§ **WHAT THE TASK REQUIRES**
Your task is to print all of the data below exactly, with no pictures included.

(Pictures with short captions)
== == ==
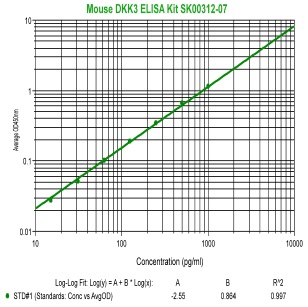 mouse dkk3 elisa kit from aviscera bioscience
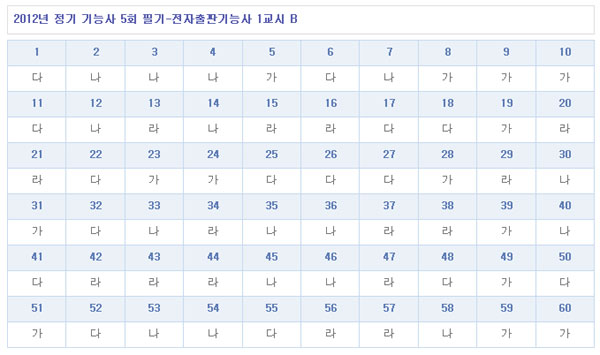 전자출판기능사답안B형.jpg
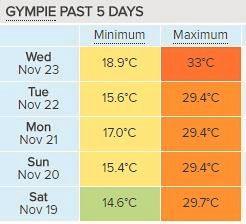 Gympie's maximum and minimum temperatures over the past five days, courtesy of Weatherzone. Picture: Contributed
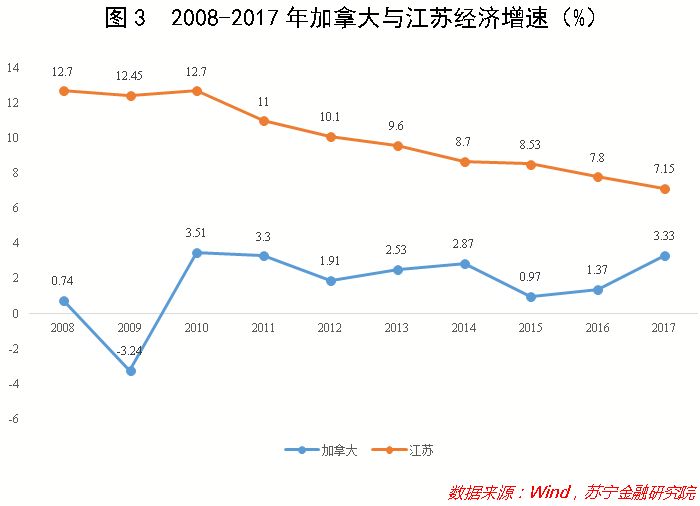 广东gdp在世界分量_广东人均GDP排名全球第65(2)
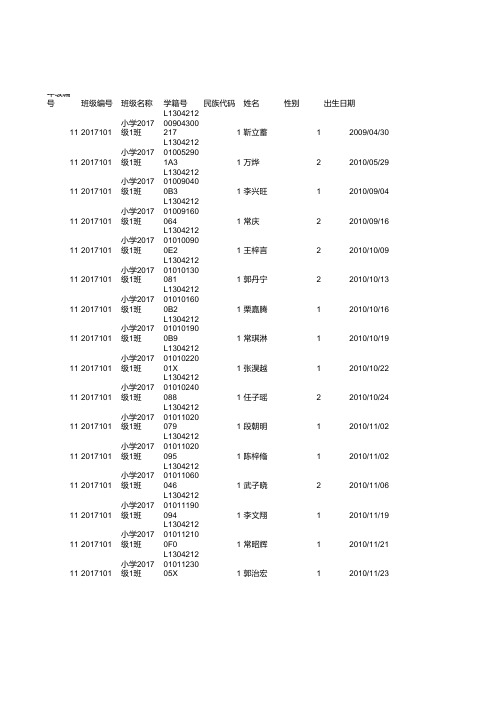 邯郸小学体测模版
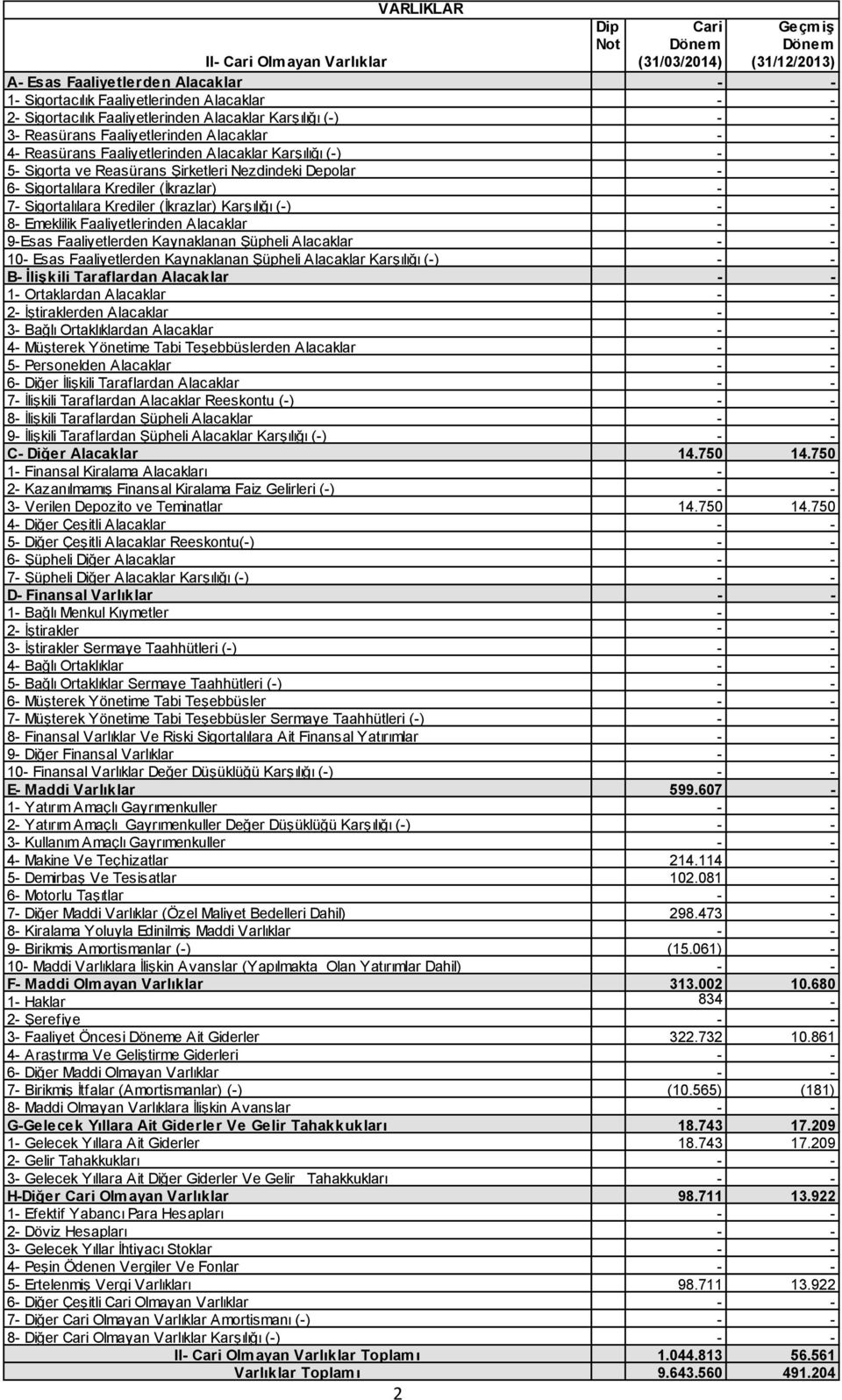 Karşılığı (-) 8- Emeklilik Faaliyetlerinden Alacaklar 9-Esas Faaliyetlerden Kaynaklanan Şüpheli Alacaklar 10- Esas Faaliyetlerden Kaynaklanan Şüpheli Alacaklar Karşılığı (-) B- İlişkili Taraflardan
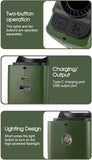 8000mAh Waist Hanging Portable Fan, Rechargeable USB Mini Clip Fan with 3 Speeds
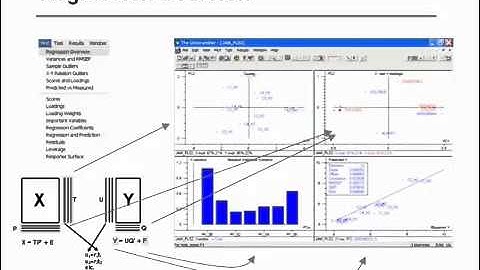 Algorithm matlab of Partial Least Squares Regression 2015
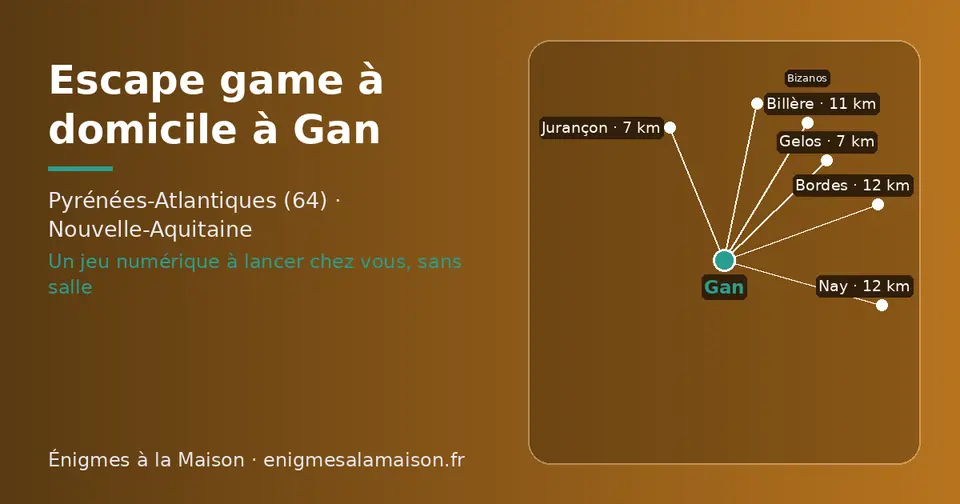 Carte schématique : Gan et les communes voisines présentées sur ce site (Gelos, Jurançon, Billère, Bizanos, Bordes, Nay)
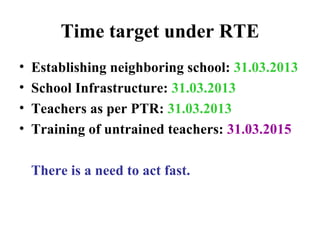 Time target under RTE Establishing neighboring school:  31.03.2013 School Infrastructure:  31.03.2013 Teachers as per PTR:  31.03.2013 Training of untrained teachers:  31.03.2015 There is a need to act fast.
== == ==
§ **ANSWER FOR THE TASK**
 mouse dkk3 elisa kit from aviscera bioscience
 전자출판기능사답안B형.jpg
 Gympie's maximum and minimum temperatures over the past five days, courtesy of Weatherzone. Picture: Contributed
 广东gdp在世界分量_广东人均GDP排名全球第65(2)
 邯郸小学体测模版
 Karşılığı (-) 8- Emeklilik Faaliyetlerinden Alacaklar 9-Esas Faaliyetlerden Kaynaklanan Şüpheli Alacaklar 10- Esas Faaliyetlerden Kaynaklanan Şüpheli Alacaklar Karşılığı (-) B- İlişkili Taraflardan
 8000mAh Waist Hanging Portable Fan, Rechargeable USB Mini Clip Fan with 3 Speeds
 Algorithm matlab of Partial Least Squares Regression 2015
 Carte schématique : Gan et les communes voisines présentées sur ce site (Gelos, Jurançon, Billère, Bizanos, Bordes, Nay)
 Time target under RTE Establishing neighboring school:  31.03.2013 School Infrastructure:  31.03.2013 Teachers as per PTR:  31.03.2013 Training of untrained teachers:  31.03.2015 There is a need to act fast.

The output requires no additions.